Most cases (six out of eight) had a good outcome (five completed treatment and one cured). Patient 6 was lost to follow-up, while Patient 2 died due to complications of his comorbidities.
4. Discussion
The percentage of osteoarticular TB among all TB patients in the period 2013–2022 in our center was 2.6%, which agrees with the results of a Greek retrospective study from 2011 to 2019 [17]. In contrast to the study of Karabella et al., half of our patients were Greek citizens, while the younger ones were migrants [17]. In the large case series already published in the literature [17–23], a great heterogeneity regarding age was observed, ranging from 31 to 63 years, which is compatible with our results.
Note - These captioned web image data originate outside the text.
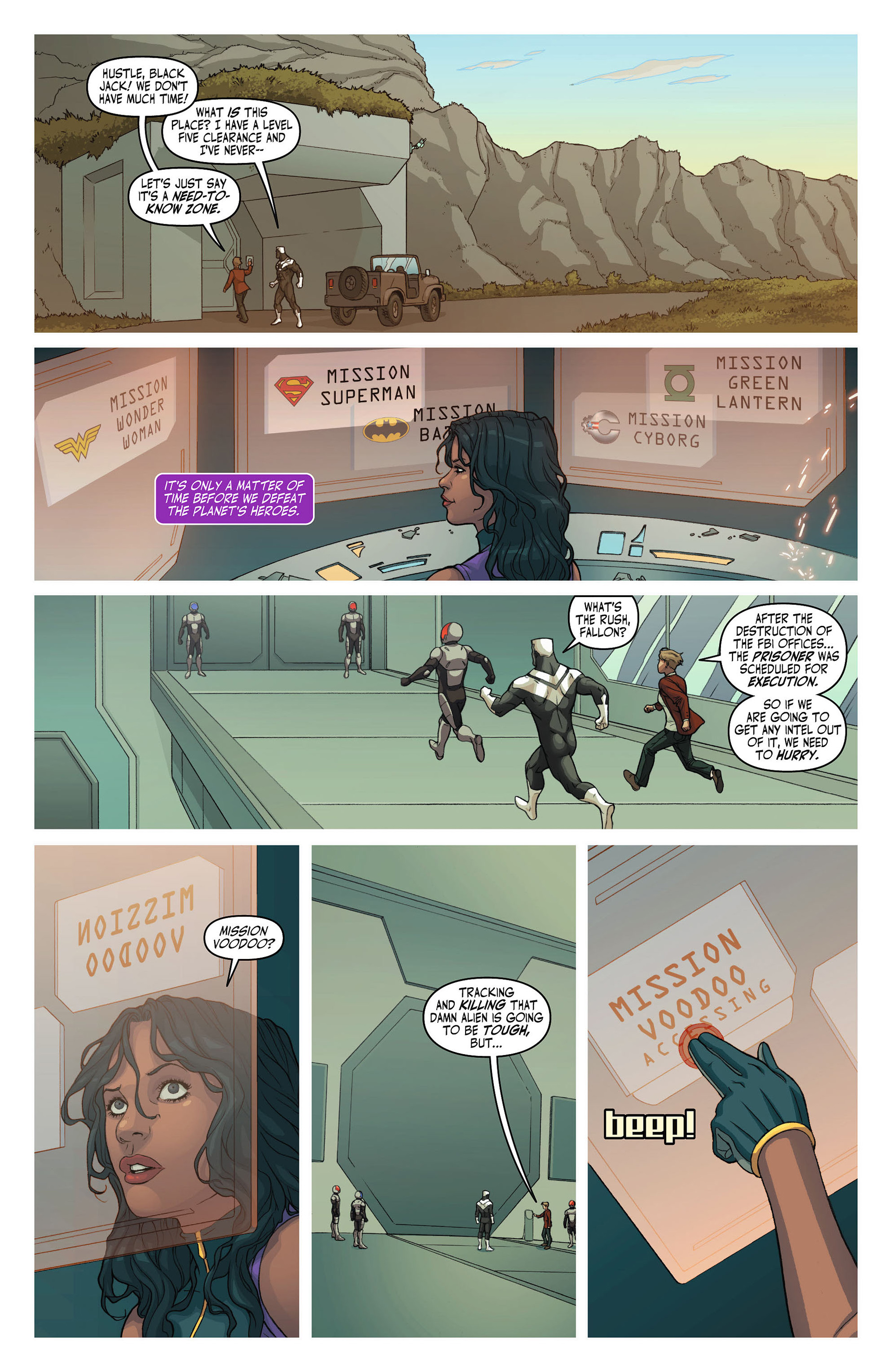 Read online Voodoo (2011) comic -  Issue #5 - 17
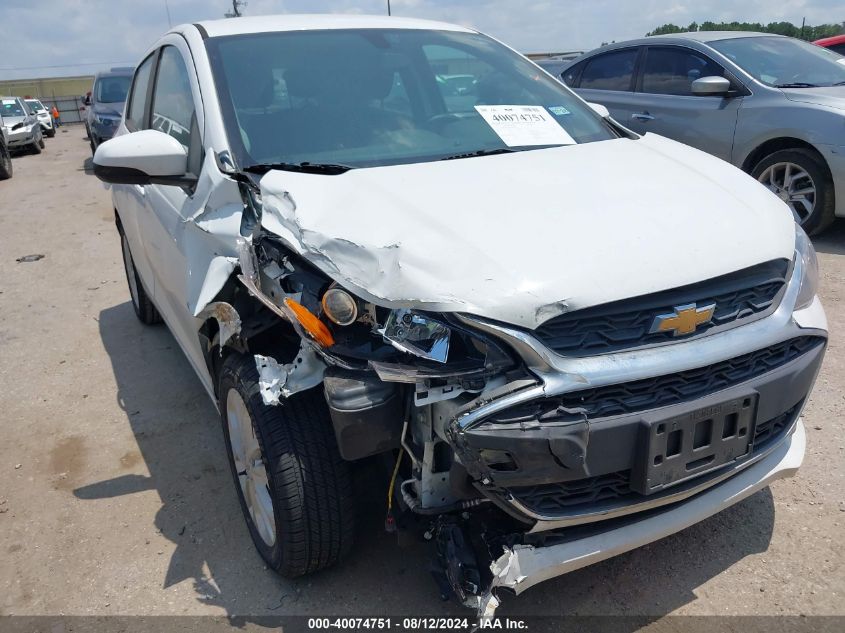 KL8CD6SA6MC747528 2021 Chevrolet Spark Fwd 1Lt Automatic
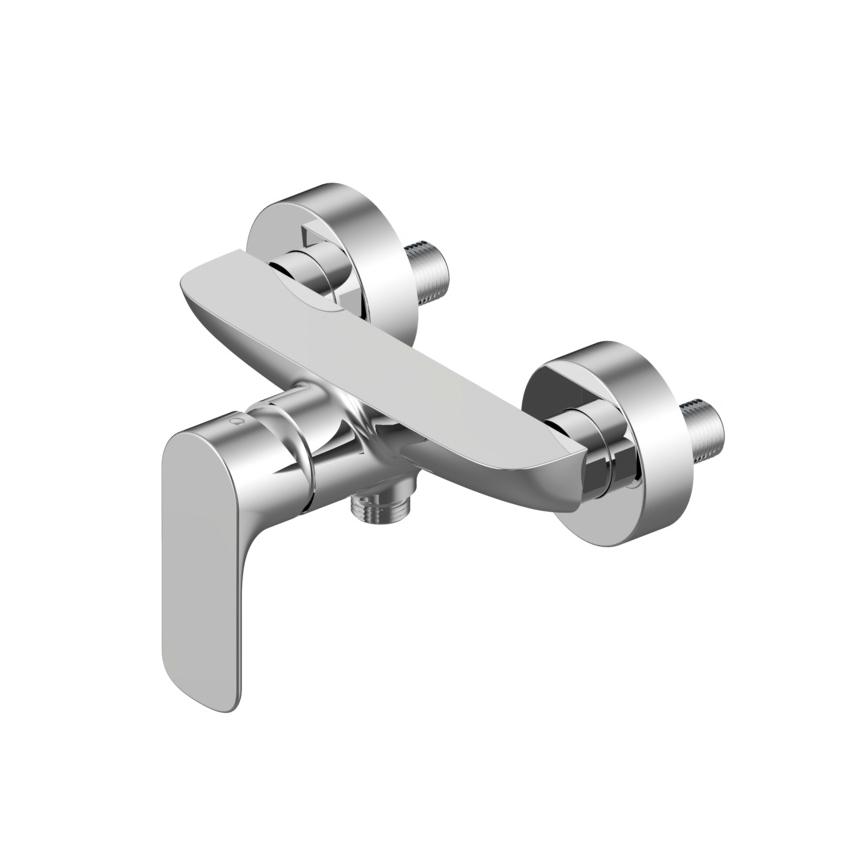 Villeroy & Boch TVS10400100061 - Miscelatore per doccia O.NOVO cromo lucido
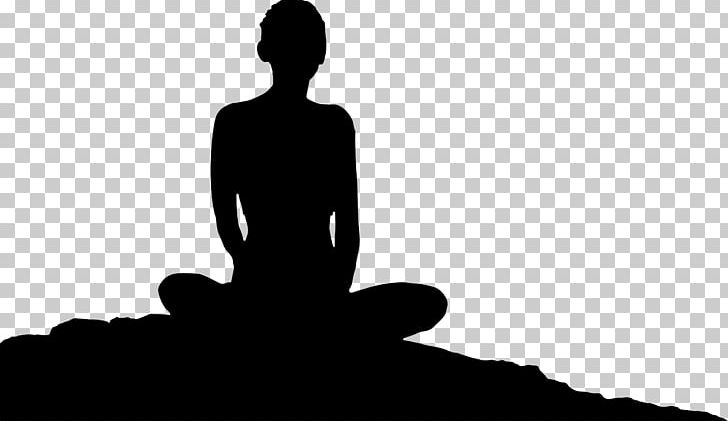 Silhouette Meditation PNG, Clipart, Animals, Black And White, Chakra, Clip Art, Hand Free PNG Download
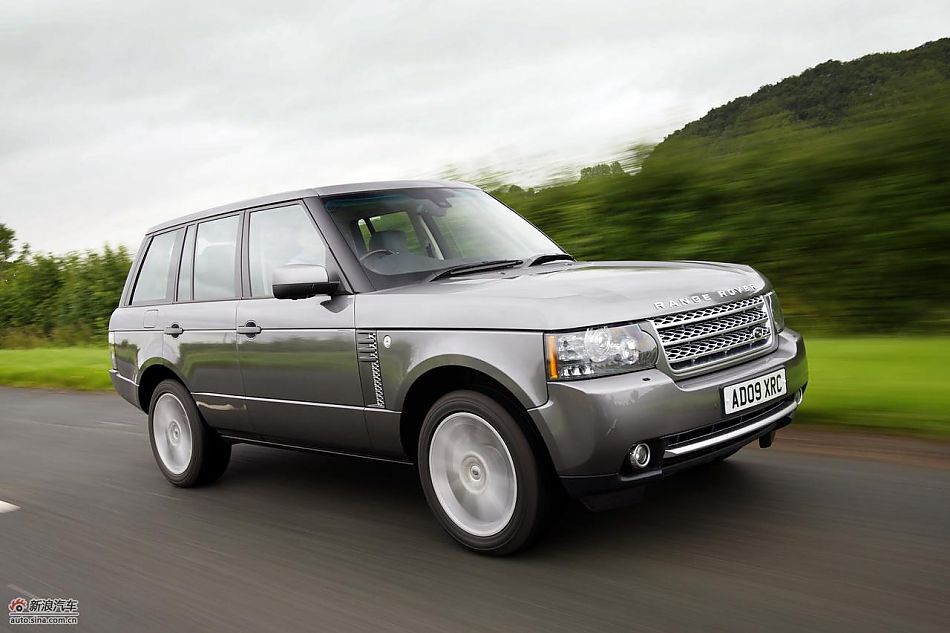 路虎揽胜外观实拍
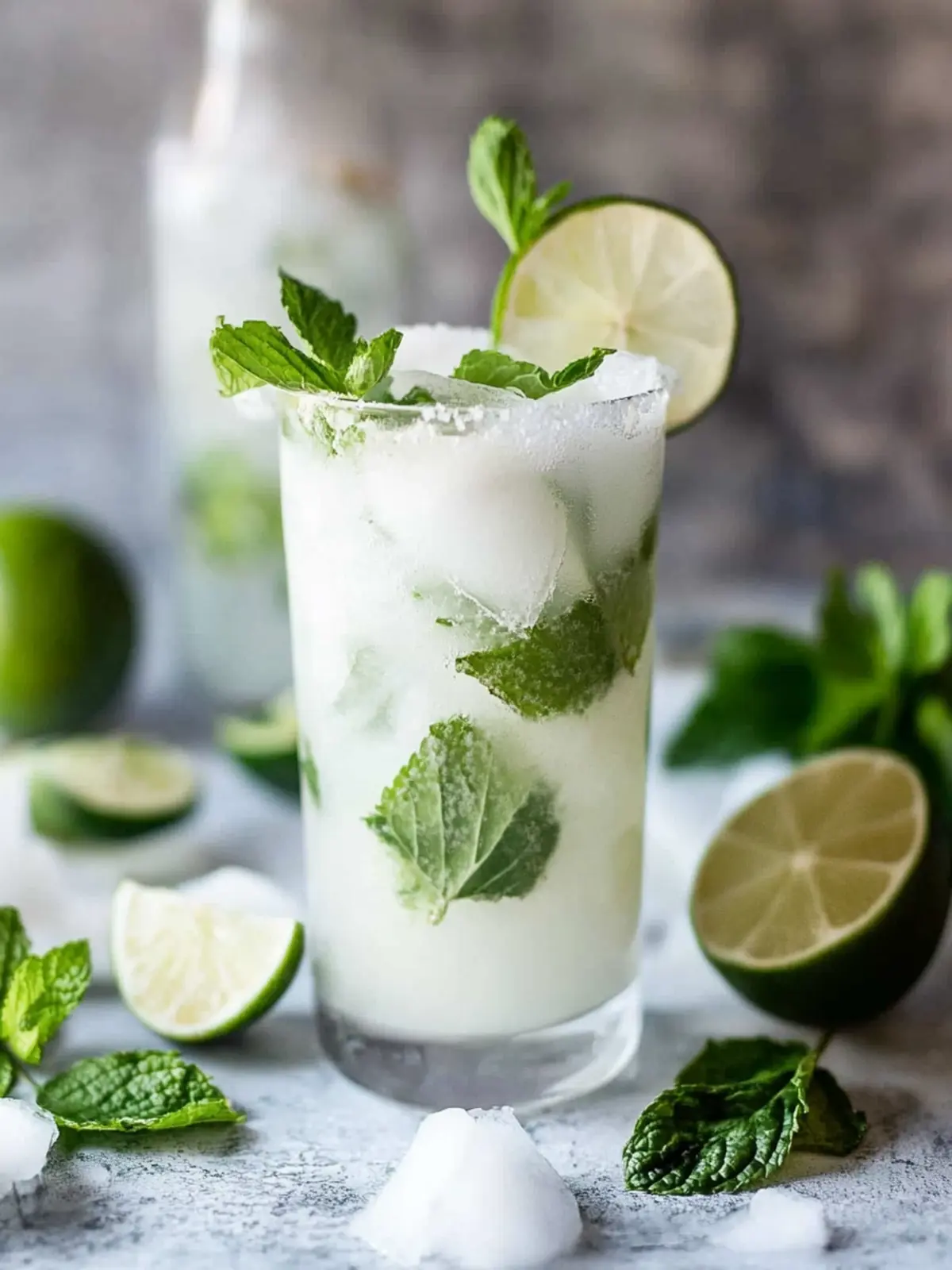 Coconut mojito recipe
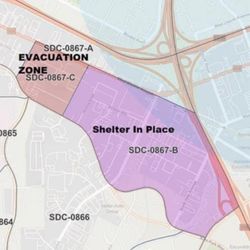 SDGE Northeast Operations Center - Shelter in place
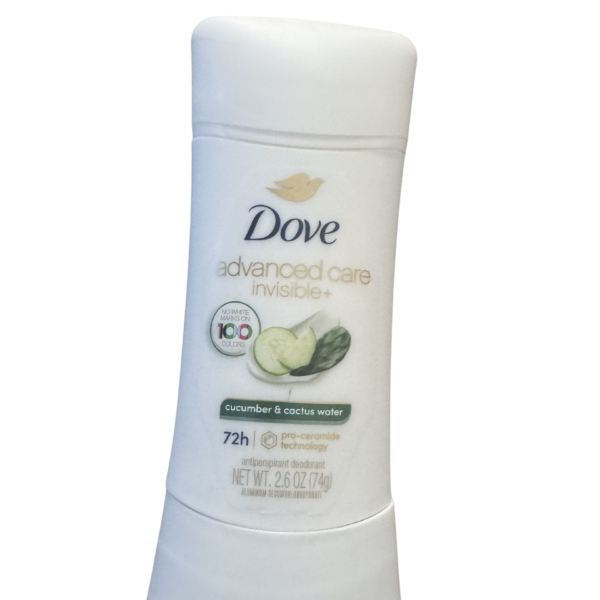 Dove Advanced Care Invisible +5 in 1 Protection Deodorant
Similar to our findings, men outnumbered women in several studies [17–19, 21, 23], while this was not the case in some others [20, 22]. As in our study, in the case series of Vielgut et al. [18], most patients were natives, while in the studies of McGuire et al. [23] and Karabella et al. [17], most patients were migrants.
The most affected bone in our case series was the thoracic spine. Part of the literature [18, 21] also found that the spine is the most affected location, while the series of Polley and Dunn [22] found that the thoracic spine is mostly affected. In contrast, Karabella et al. [17] found that the lumbar spine was the most affected site. Two of the patients (25%) had concurrent pulmonary TB. There is great heterogeneity in the studies about this matter. In some of them [23, 24], pulmonary involvement was low (13%–16%), while in others [17, 18, 21], almost half of the cases had concurrent lung TB (42%–47%). The fact that in five of seven cases with positive Xpert, M. tuberculosis was developed in culture, while in two it was not, highlights the important role of PCR methods in the diagnosis of osteoarticular TB. High positive rates of PCR were also found in the case series of Vielgut et al. [18] and Dey et al. [24].
In all studies reviewed [17–25], every patient with bone and joint TB received chemotherapy, which was also the case in our patients. In most cases [17–25], patients with bone and joint TB received medication for 9–12 months, which agrees with our findings. In difficult cases, such as those of resistant TB, prolonged treatments, such as those received by Patients 1 and 3, are described. The percentage of surgery treatment in addition to chemotherapy varies in the literature, from 7.5% to 64.7% [17, 18, 21, 23].
Most of our cases (six out of eight) had a good outcome (treatment completed or cured), which agrees with most of the case series in the literature [17–25]. The only death observed in our series was in a patient with sacral TB. The patient had severe underlying conditions, and it was attributed to his comorbidities. Case reports of successful treatment of sacral TB have been reported [26, 27].
5. Conclusion
TB is a rare cause of bone and joint infections. Most cases suffered from pain in the affected area and movement disorders. The molecular method of DNA detection of M. tuberculosis seemed particularly reliable in this case series, as it gave a positive result even in the two cases where the culture was negative. This highlights the importance of this study in enhancing the use of molecular diagnostic methods in osteoarticular TB. Most patients responded well to anti-TB treatment, whether they needed surgery or not.
Ethics Statement
The manuscript does not describe any experimental work. It only includes a review of the patients’ files of our department and a statistical analysis of some of their characteristics.
Consent
No patient can be identified by either the description of the cases or the tables and imaging. Thus, written consent from patients was not necessary to be obtained.
Disclosure
This research was performed as part of the employment of the authors in the Pulmonary Department of A.U.Th., in the General Hospital of Thessaloniki “Georgios Papanikolaou” in Greece, which is a public hospital.
Conflicts of Interest
The authors declare no conflicts of interest.
Funding
This research did not receive any specific funding.
Acknowledgments
All the staff of the Pulmonary Department of A.U.Th. during the last ten years contributed to the proper management of these patients.